What is required: Reproduce, exactly and only, the lines of the data that follows from the one containing "Building Photo - 10448 Almanor Cir" down to the one containing "2500 Penn, a Placemakr Experience 写真", without pictures.

--- Exercise material ---

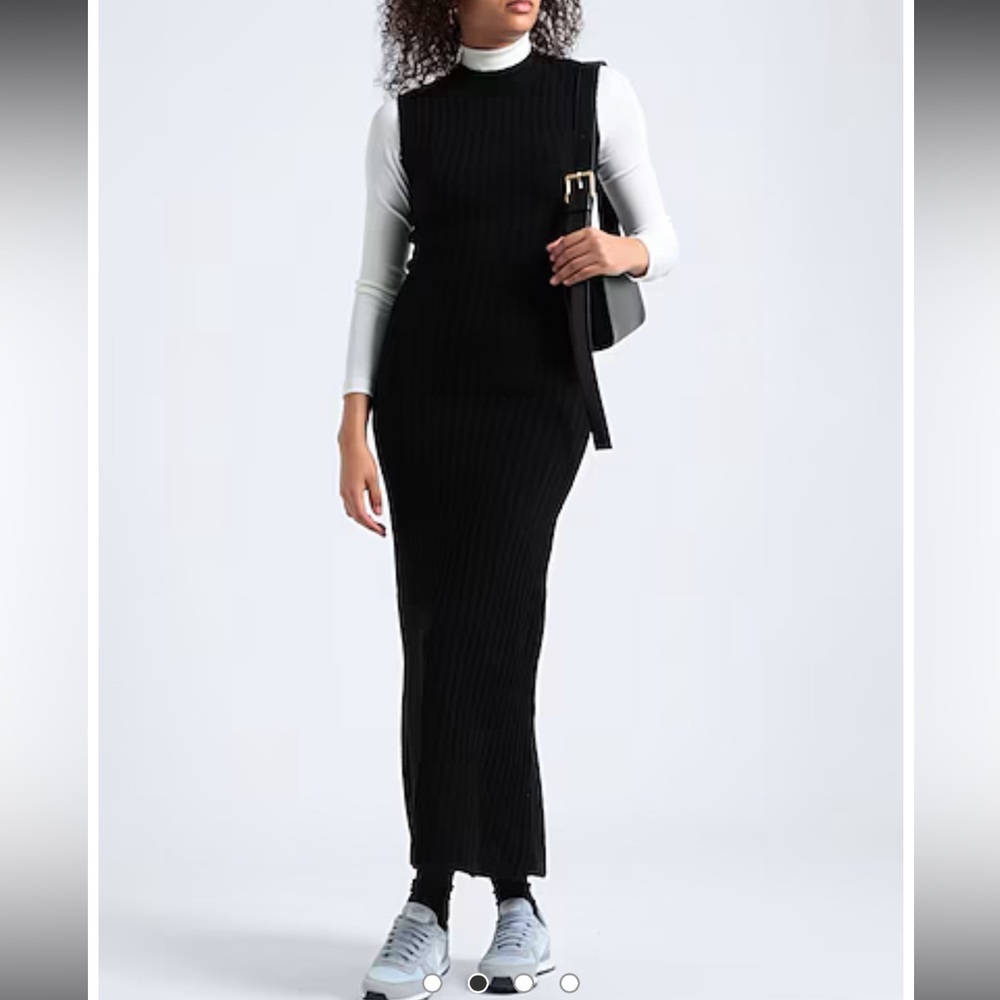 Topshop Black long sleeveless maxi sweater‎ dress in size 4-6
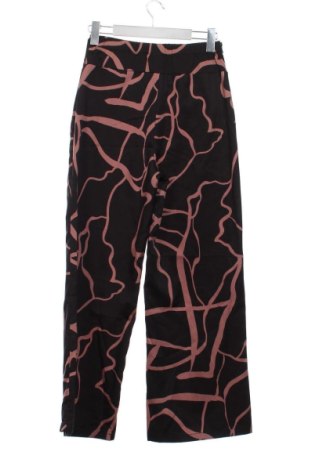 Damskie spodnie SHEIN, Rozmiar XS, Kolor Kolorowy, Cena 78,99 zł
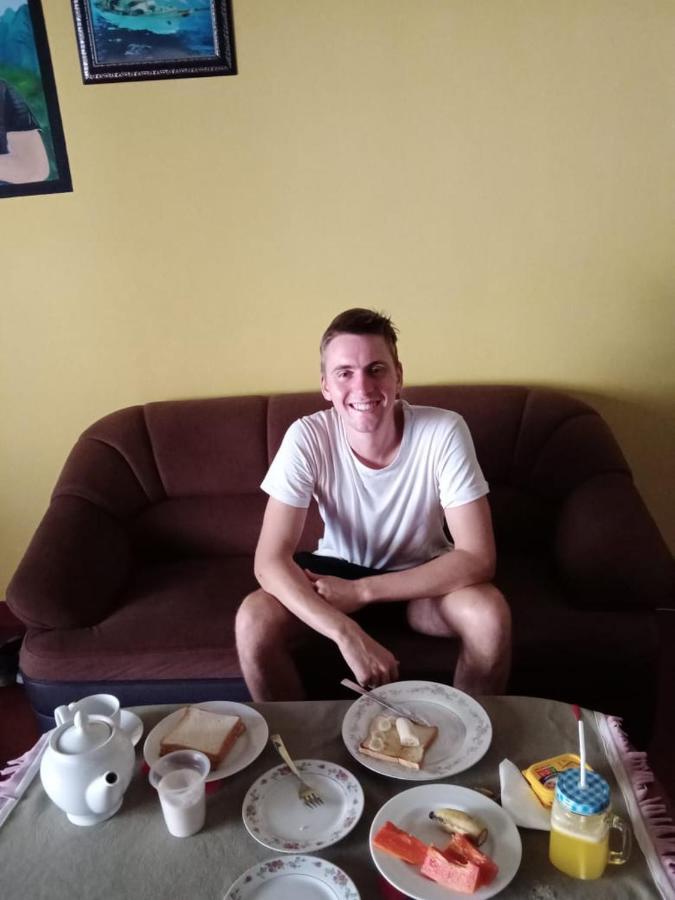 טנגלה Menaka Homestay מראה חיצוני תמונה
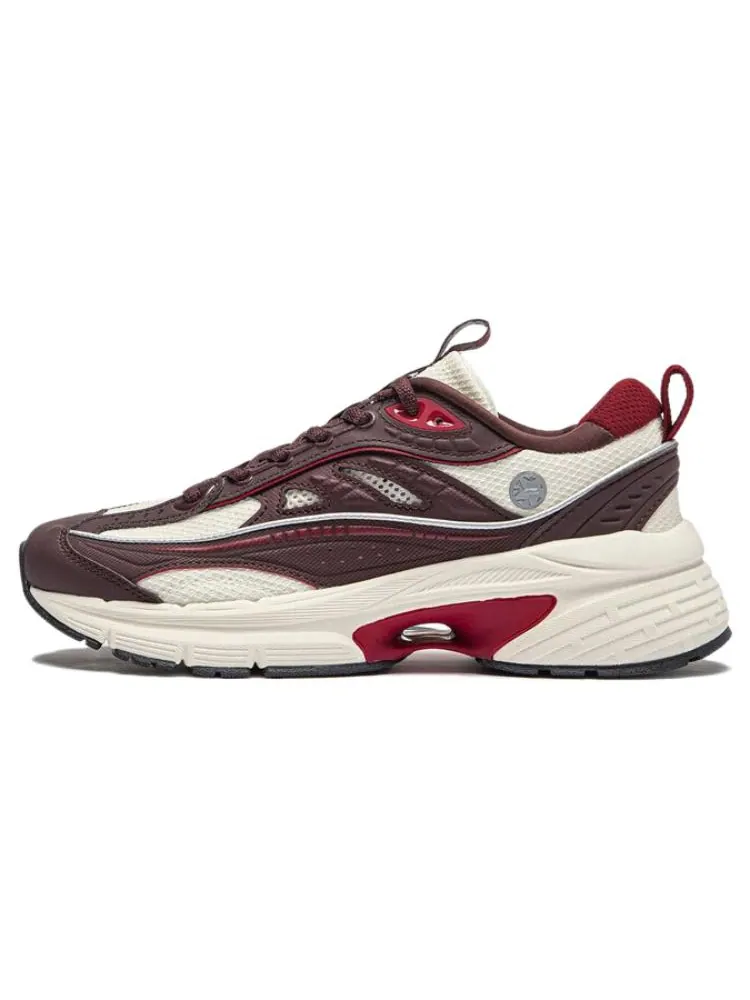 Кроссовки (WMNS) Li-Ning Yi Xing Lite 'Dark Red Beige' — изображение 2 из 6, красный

---
--- Exercise material ---

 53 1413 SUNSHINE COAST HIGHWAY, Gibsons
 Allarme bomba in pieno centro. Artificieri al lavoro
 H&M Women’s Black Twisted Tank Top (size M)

---
--- Exercise material ---

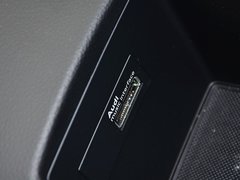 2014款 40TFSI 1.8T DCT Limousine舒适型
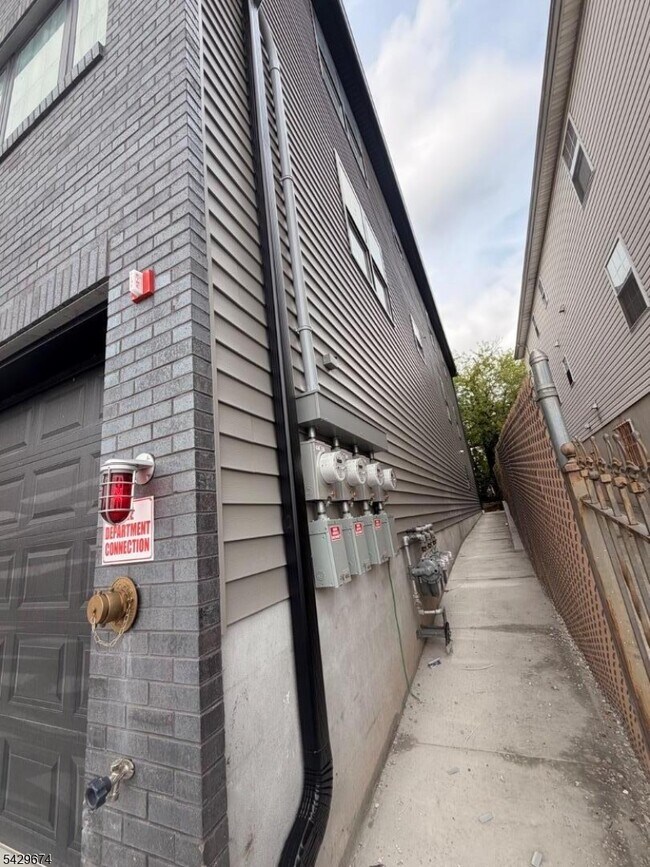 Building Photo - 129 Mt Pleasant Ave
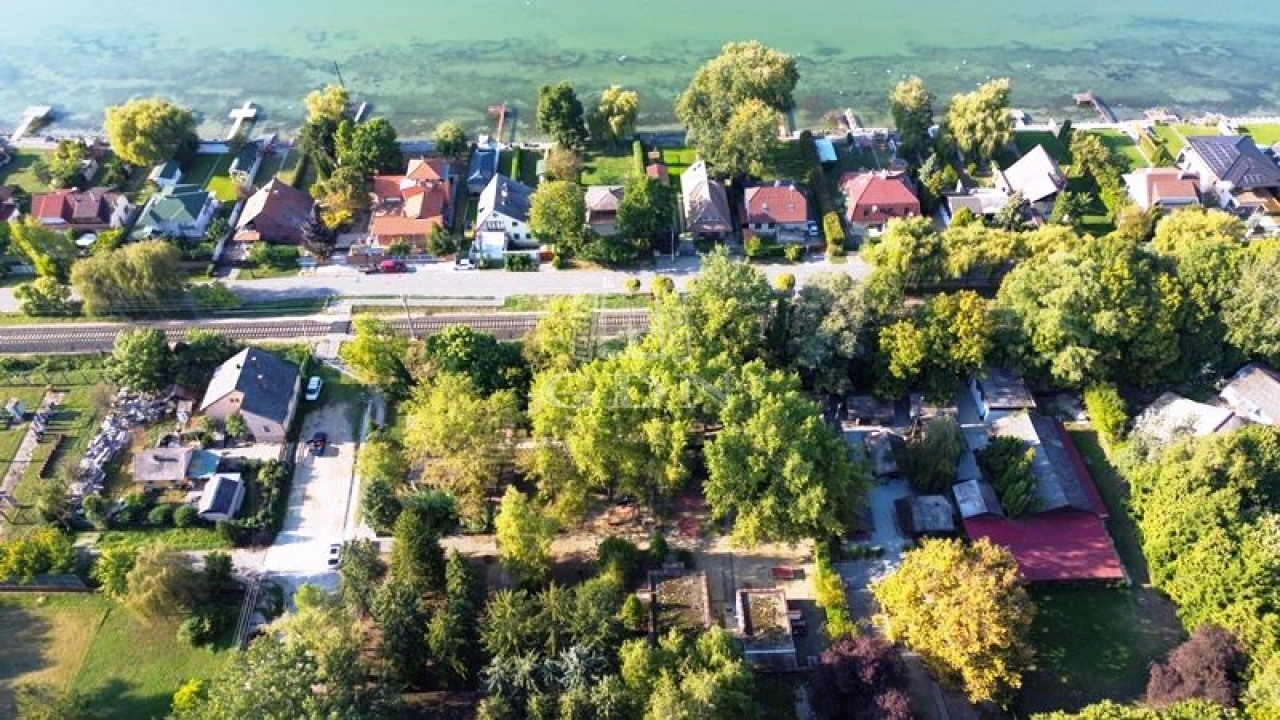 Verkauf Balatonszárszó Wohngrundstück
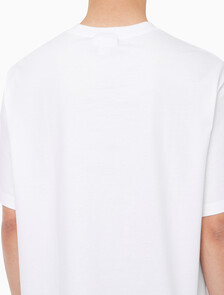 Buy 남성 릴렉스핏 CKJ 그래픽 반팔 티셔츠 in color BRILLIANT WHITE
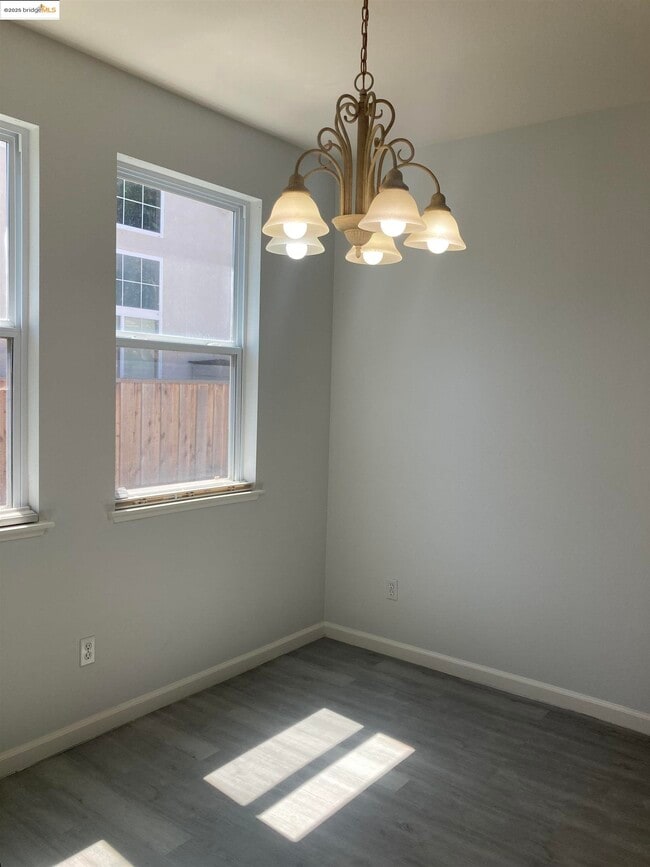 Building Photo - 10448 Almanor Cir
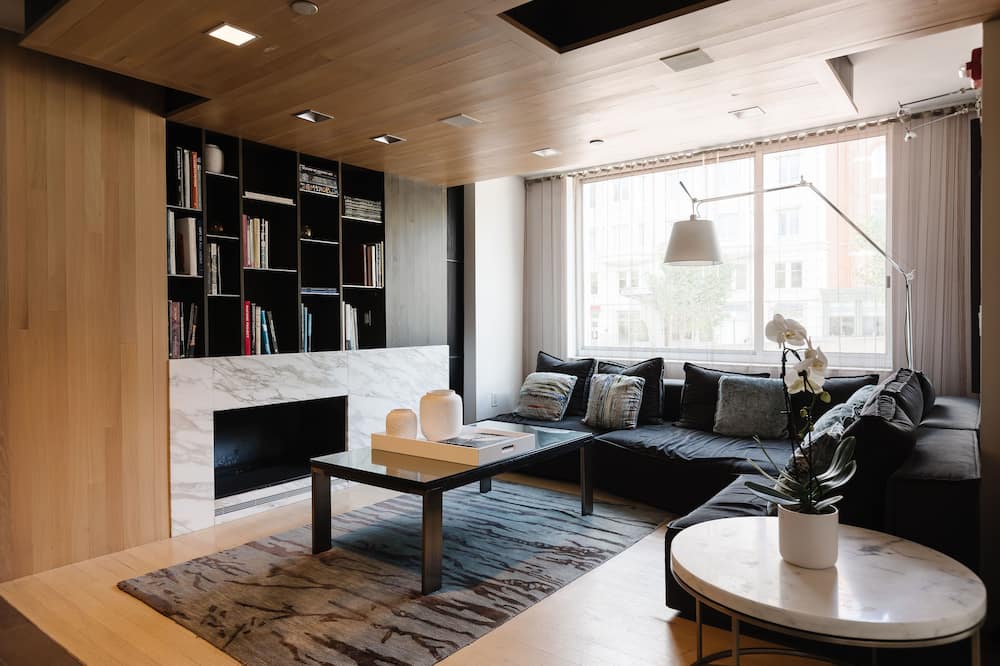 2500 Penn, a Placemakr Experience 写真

---

Answer:
 Building Photo - 10448 Almanor Cir
 2500 Penn, a Placemakr Experience 写真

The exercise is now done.